Any image found in the entries is to be skipped; the rest is returned word for word.

*** Block opens ***

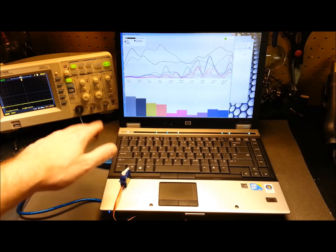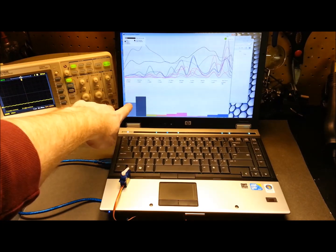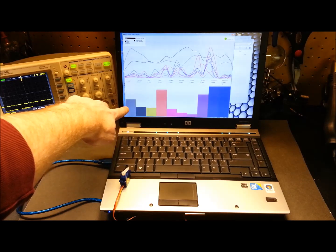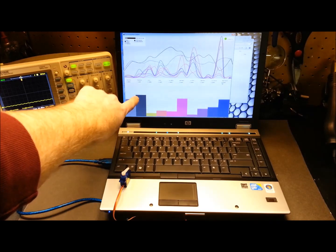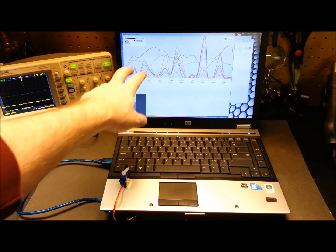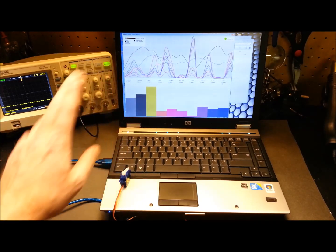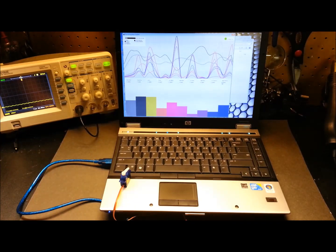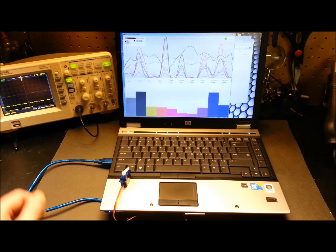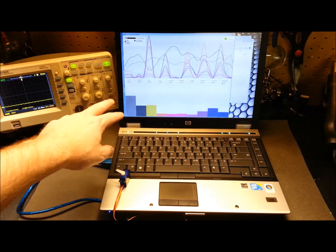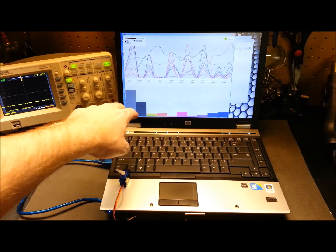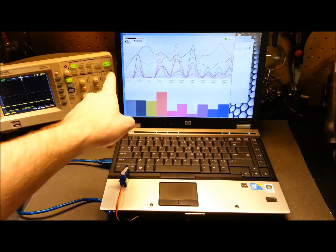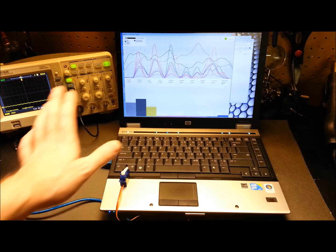Tasty tidbit: the Mind Flex headset uses this value here—the attention value. The meditation value should be relatively inverse to that. These are both internally calculated in the headset. There's not a lot of details on the algorithms that they use; it's proprietary. But as a general rule, you'll see one go high and the other go down. If I stop talking and relax and stop thinking, we'll see the meditation value go up again.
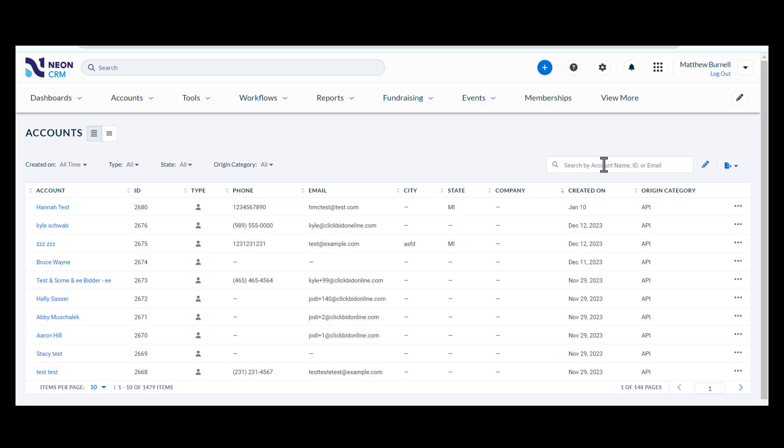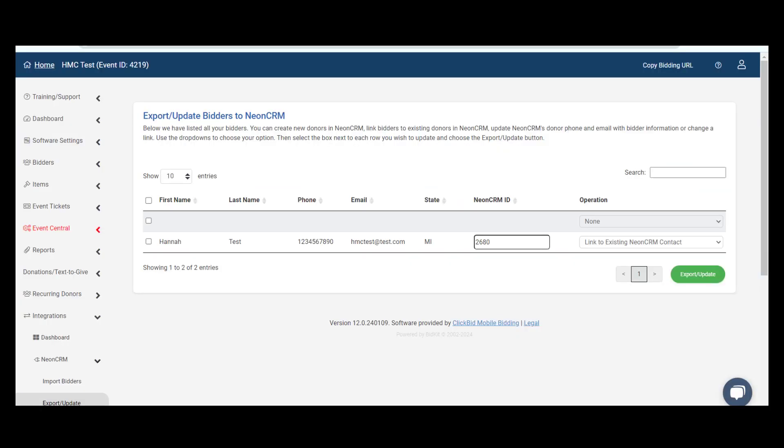Once you have located the bidder, find the ID field. This is the number you will need to enter in the Link to Existing Neon CRM Contact field. Once this has been entered, select the Export/Update button.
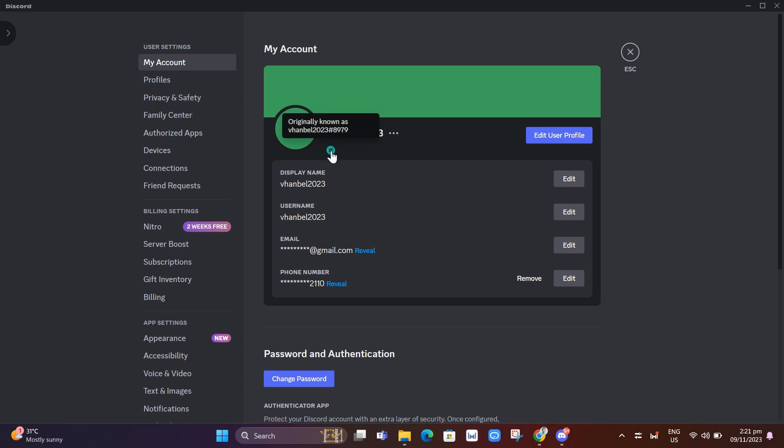For example here, if your username was previously number 8979 and you change it to 2023, you'll get a notification on Discord when you can change your username. After you've changed it, the Originally Known As badge will automatically be displayed on your profile.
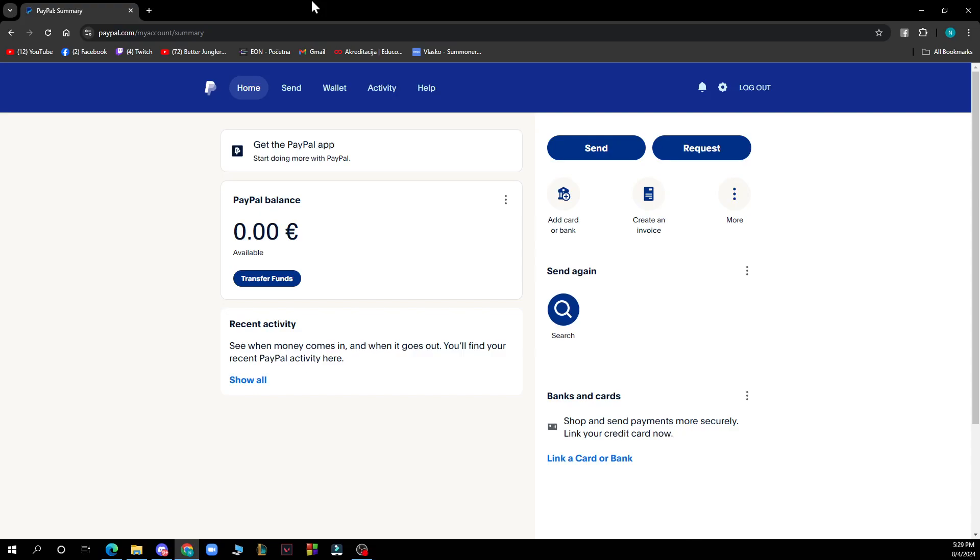Hello guys and welcome back to the channel where today I'll be showing you how to report a problem on PayPal. So the first thing that you need to do is go to paypal.com and you'll be greeted by a screen looking like this.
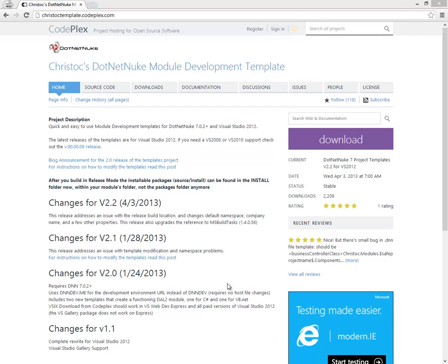Hey, it's Chris Hammond again here with ChrisStock.com. In this brief video, I'm going to talk to you about my module development templates again, and I'm going to tell you how you can install those module development templates for Visual Studio 2012 Express for Web Edition.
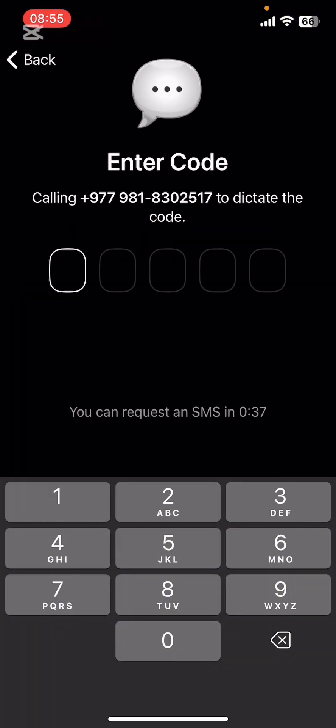Then in a couple of seconds, Telegram is going to call you and give the verification code. You can wait a couple of minutes.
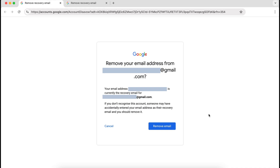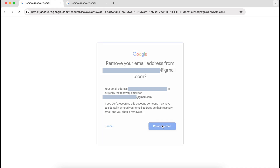The explanation given is that somebody may have accidentally entered my email address as their recovery email, and I should remove it. So that's precisely what I'm going to do — I'm going to click on remove email.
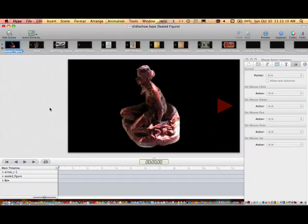What you're looking at now is a little project that I set up using Hype. I just wanted to create a simple slideshow, and I'm going to go ahead and arrow through all the different scenes.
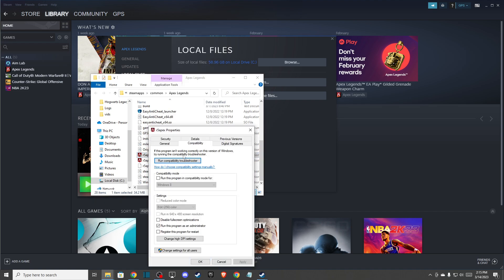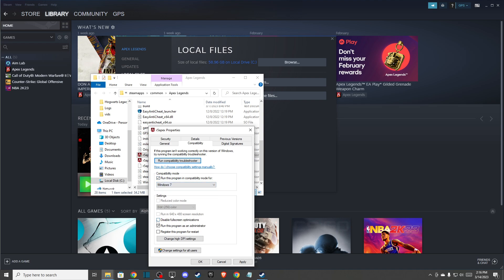Go to Compatibility, and make sure to enable Compatibility Mode. Select run this program in Compatibility Mode for Windows 7, and also check Disable Full Screen Optimizations and run this program as Administrator.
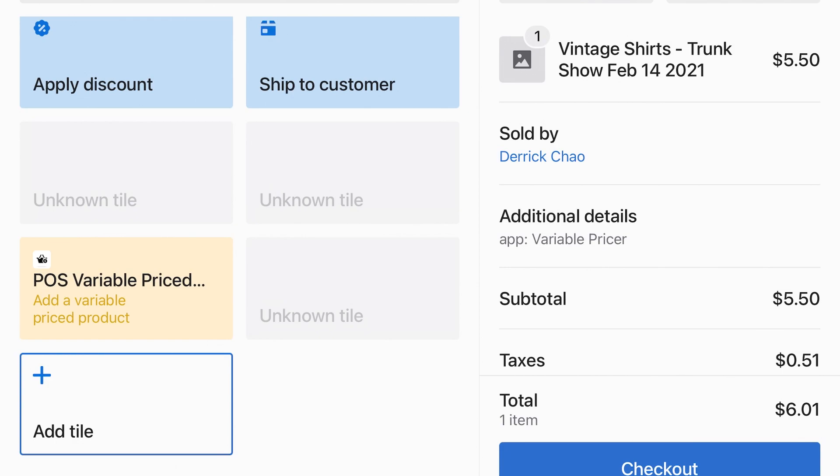In doing so, our app helps you retain critical reporting, such as cost of goods sold, and even adjusts inventory.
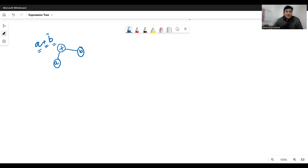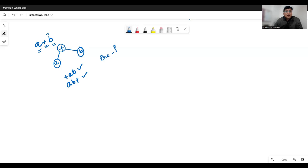What advantage do we get? If I traverse this tree in preorder, I get plus A B. If I traverse in postorder, I get A B plus. So preorder traversal is equivalent to the prefix expression, and postorder traversal is equivalent to the postfix expression. If I do inorder traversal, I obtain A plus B, which is the same as the original expression.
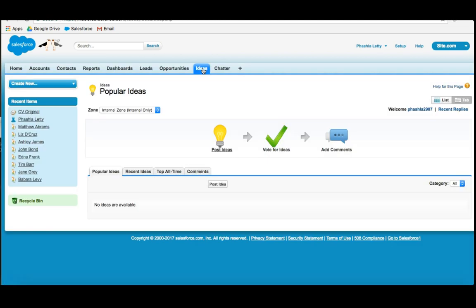And if I clicked on it, I could then post an idea, vote for an idea, or add comments.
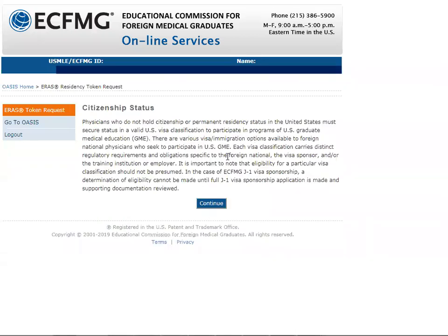After that, another screen shows citizenship status and conditions related to visa status. It states that in the case of eSafeMG J1 sponsorship, the determination of eligibility cannot be made until the full J1 sponsorship application is made and supporting documentation reviewed — which usually happens after matching to a residency post.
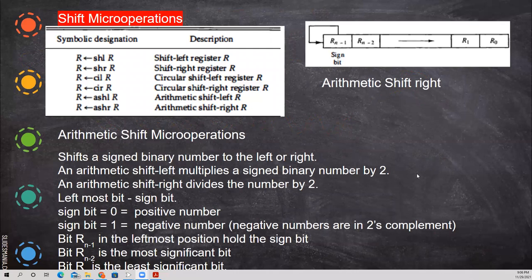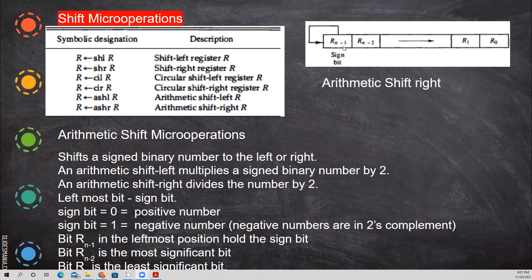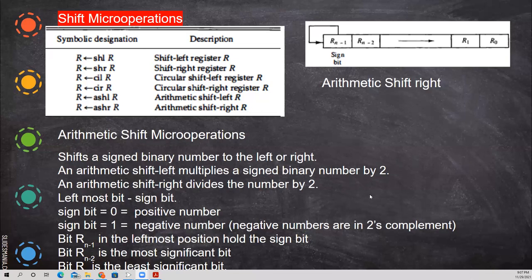The next one is arithmetic shift. Arithmetic shift micro operations shift the signed binary number to the left or right. What is a signed binary number? We know R0 to R7 — that R7, the last bit, is the sign bit. It indicates whether the given number is positive or negative. When doing the shifting, this sign bit will not be shifted. Arithmetic shift left multiplies a signed binary number by 2. When shifted right, it is equal to dividing by 2.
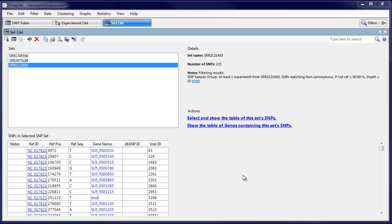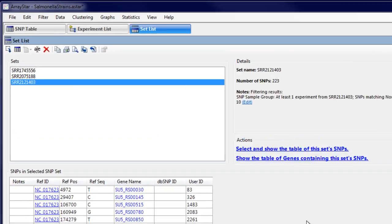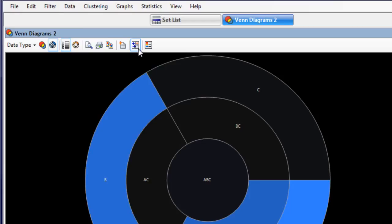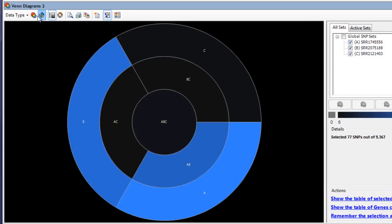After identifying SNP sets of interest, you can use Venn diagrams to visually compare the sets.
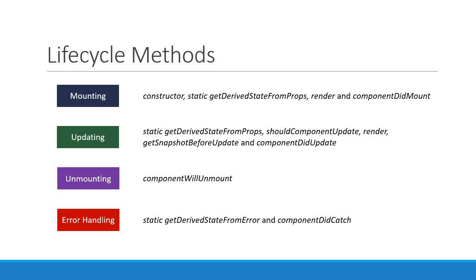Knowing when to use which lifecycle method is crucial to properly understanding how to work with React. Let's understand that in the next video, starting with the mounting phase.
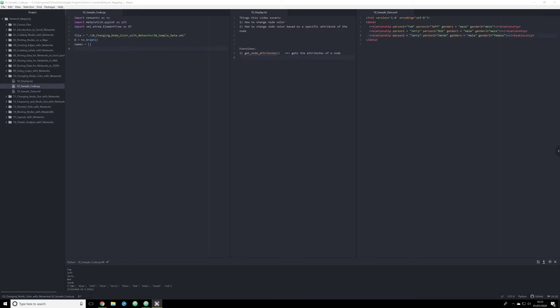Hello and welcome back. In this video, we're going to start doing some more advanced things with NetworkX. I'm going to try to go slowly, but if you get lost at any point, just pause the video, take your time and make sure you understand what's happening at each stage.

*** Block closes ***

— SOLUTION TO THE EXERCISE —
Tasty tidbit: the Mind Flex headset uses this value here—the attention value. The meditation value should be relatively inverse to that. These are both internally calculated in the headset. There's not a lot of details on the algorithms that they use; it's proprietary. But as a general rule, you'll see one go high and the other go down. If I stop talking and relax and stop thinking, we'll see the meditation value go up again.
Once you have located the bidder, find the ID field. This is the number you will need to enter in the Link to Existing Neon CRM Contact field. Once this has been entered, select the Export/Update button.
For example here, if your username was previously number 8979 and you change it to 2023, you'll get a notification on Discord when you can change your username. After you've changed it, the Originally Known As badge will automatically be displayed on your profile.
Hello guys and welcome back to the channel where today I'll be showing you how to report a problem on PayPal. So the first thing that you need to do is go to paypal.com and you'll be greeted by a screen looking like this.
Hey, it's Chris Hammond again here with ChrisStock.com. In this brief video, I'm going to talk to you about my module development templates again, and I'm going to tell you how you can install those module development templates for Visual Studio 2012 Express for Web Edition.
Then in a couple of seconds, Telegram is going to call you and give the verification code. You can wait a couple of minutes.
The explanation given is that somebody may have accidentally entered my email address as their recovery email, and I should remove it. So that's precisely what I'm going to do — I'm going to click on remove email.
What you're looking at now is a little project that I set up using Hype. I just wanted to create a simple slideshow, and I'm going to go ahead and arrow through all the different scenes.
Go to Compatibility, and make sure to enable Compatibility Mode. Select run this program in Compatibility Mode for Windows 7, and also check Disable Full Screen Optimizations and run this program as Administrator.
In doing so, our app helps you retain critical reporting, such as cost of goods sold, and even adjusts inventory.
What advantage do we get? If I traverse this tree in preorder, I get plus A B. If I traverse in postorder, I get A B plus. So preorder traversal is equivalent to the prefix expression, and postorder traversal is equivalent to the postfix expression. If I do inorder traversal, I obtain A plus B, which is the same as the original expression.
And if I clicked on it, I could then post an idea, vote for an idea, or add comments.
After that, another screen shows citizenship status and conditions related to visa status. It states that in the case of eSafeMG J1 sponsorship, the determination of eligibility cannot be made until the full J1 sponsorship application is made and supporting documentation reviewed — which usually happens after matching to a residency post.
The next one is arithmetic shift. Arithmetic shift micro operations shift the signed binary number to the left or right. What is a signed binary number? We know R0 to R7 — that R7, the last bit, is the sign bit. It indicates whether the given number is positive or negative. When doing the shifting, this sign bit will not be shifted. Arithmetic shift left multiplies a signed binary number by 2. When shifted right, it is equal to dividing by 2.
After identifying SNP sets of interest, you can use Venn diagrams to visually compare the sets.
Knowing when to use which lifecycle method is crucial to properly understanding how to work with React. Let's understand that in the next video, starting with the mounting phase.
Hello and welcome back. In this video, we're going to start doing some more advanced things with NetworkX. I'm going to try to go slowly, but if you get lost at any point, just pause the video, take your time and make sure you understand what's happening at each stage.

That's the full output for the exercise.